Fifteen-year-old twins Maisy and Duncan Mitcham have always had each other. Until the fateful day in the wood . . . One night in 1960, the twins awake to find their father pulling their screaming mother from the house. She is to be committed to an asylum. It is, so their father insists, for her own good. It’s not long before they, too, are removed from their London home and sent to Nightingales – a large house deep in the New Forest countryside – to be watched over by their cold-hearted grandmother, Mrs Mitcham. Though they feel abandoned and unloved, at least here they have something they never had before – freedom. The twins are left to their own devices, to explore, find new friends and first romances. That is until the day that Duncan doesn’t come back for dinner. Nor does he return the next day. Or the one after that. When the bodies of other young boys are discovered in the surrounding area the police appear to give up hope of finding Duncan alive. With Mrs Mitcham showing little interest in her grandson’s disappearance, it is up to Maisy to discover the truth. And she knows just where to start. The woman who lives alone in the wood about whom so many rumours abound. A woman named Grace Deville.
DNF @ 25%
25% might seem like an early place to give up, but nothing had happened and I was getting fed up. I almost put it down at 15% but reading Janel’s (Keeper of Pages) review spurred me on to reading the next 10% before I had to give up.

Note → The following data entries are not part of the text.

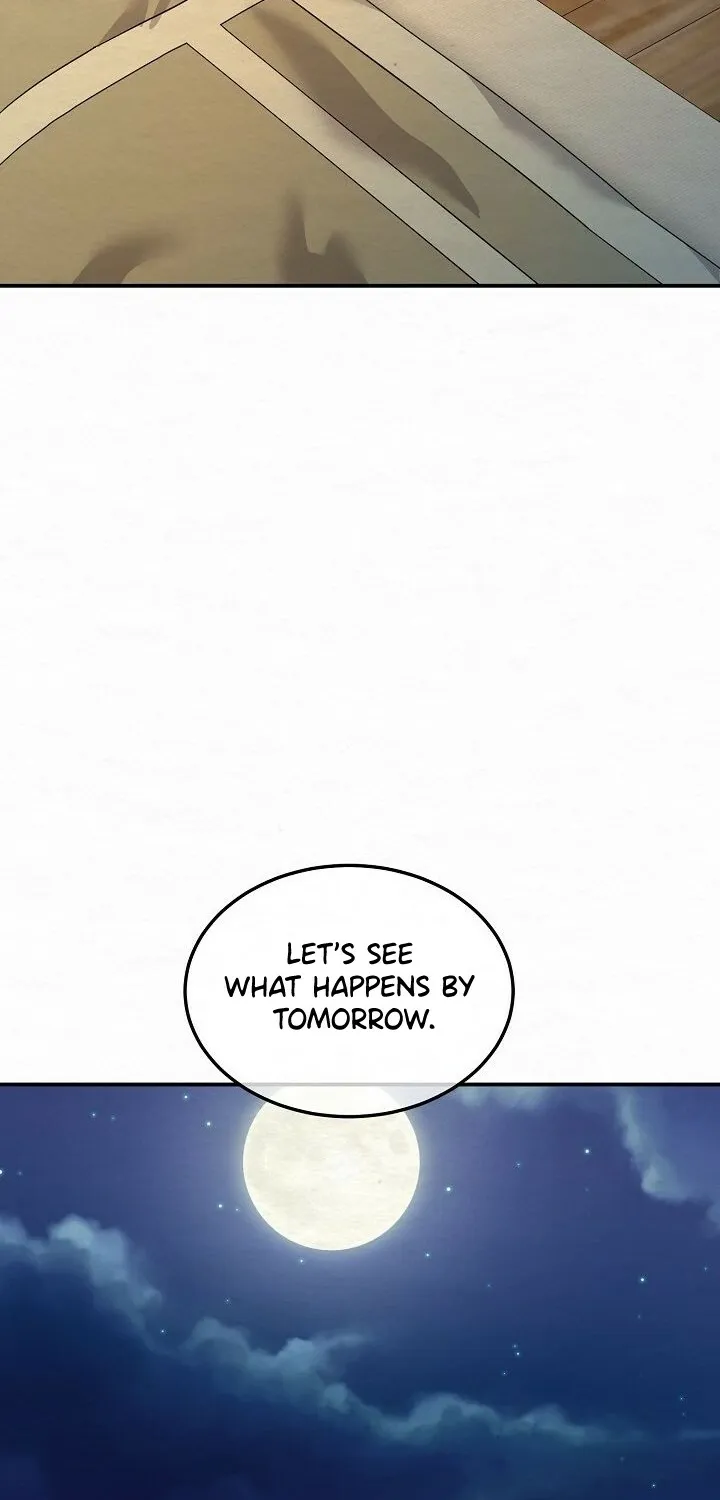 Dal Dal Chapter 16 page 100 - 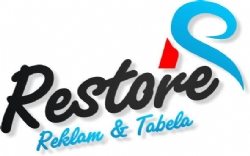 Restore Reklam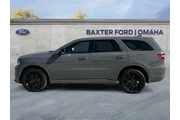 $25874 : Dodge Durango 2020 AWD GT 4d thumbnail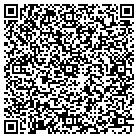 QR code with Todd Financial Solutions contacts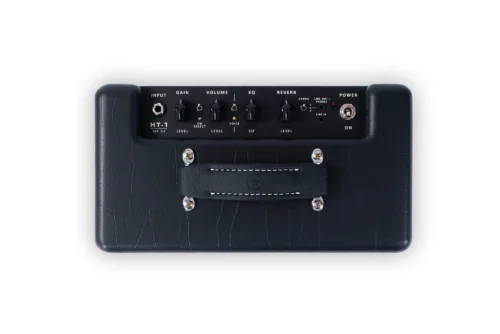 Blackstar HT-1R MK III Combo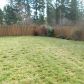 154 Meridian Ct, Shelton, WA 98584 ID:11617866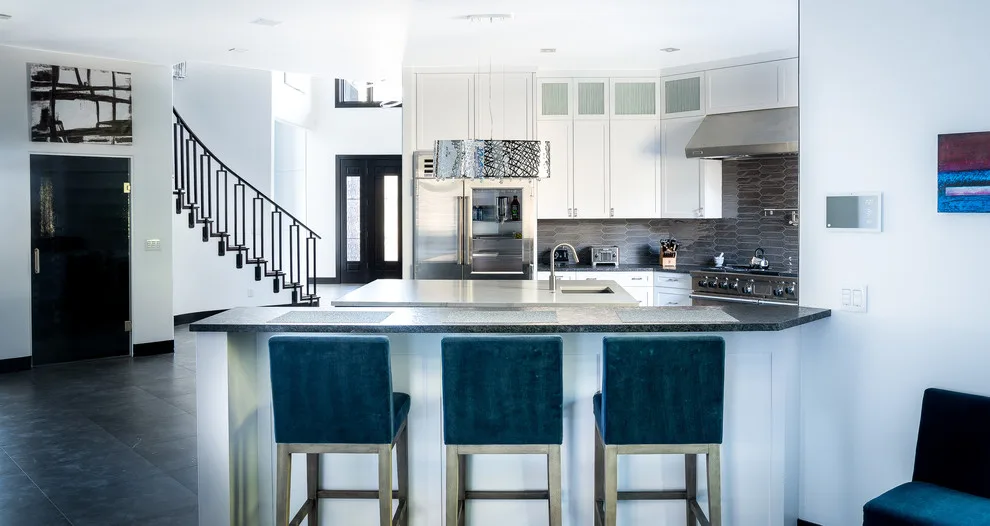 Northern Cliff by DH Builders Inc. - Photo 8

The characters, for me, felt stiff and unrealistic, and the dialogue was so clunky! So stilted and proper. I didn’t like any of the characters I had read about that far into the story, so I couldn’t imagine liking any of them at any point! And that’s not a good thing when the main character is actually supposed to be likeable…
Clearly this is a well loved book, judging by the reviews in Goodreads, but personally, I couldn’t get into this one. I didn’t like the writing from page 1. It was very “this happens and then this happens and then they do this and then they also do this”. There was no slow tension building, it was all just a quick succession of the twins doing one thing after another after another. I mean just look at that synopsis! No paragraph breaks! I can’t usually get with a book that’s 80% dialogue and 20% descriptions, and this was exactly that.

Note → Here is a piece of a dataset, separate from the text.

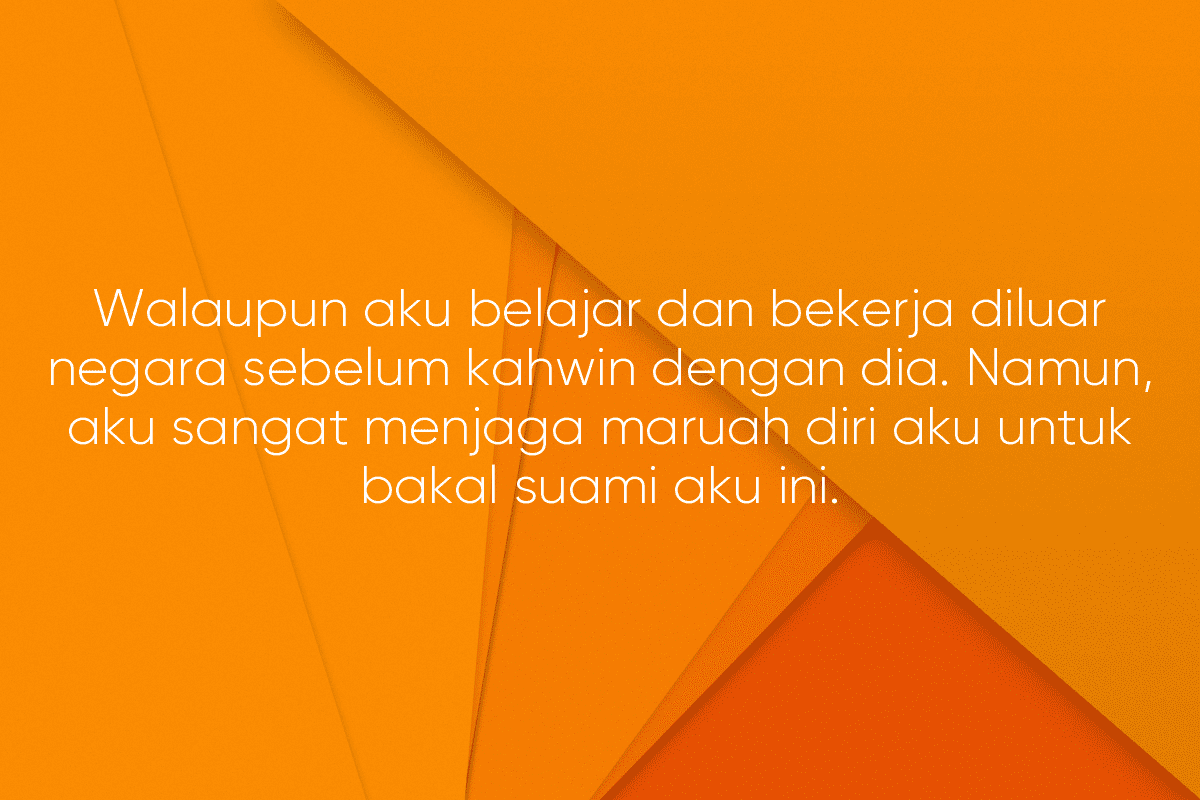 Su4mi Dari Ner4ka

I’m not really sure who the audience was meant to be for this one? On one level is felt a little juvenile, so maybe a young adult audience, and then it felt rather cosy, so maybe for readers if “women’s fiction”. Apparently if I stuck with it, I would find it’s actually quite a dark mystery thriller, but I can’t bring myself to get that far!
If you like the sound of this by it’s synopsis, I’d say pick it up because I’m very clearly in the minority for this one, you might enjoy it! Unfortunately, it wasn’t for me.
Thanks to Netgalley and Penguin UK – Michael Joseph for giving me the opportunity to read this in exchange for an honest review! Sorry I didn’t enjoy it!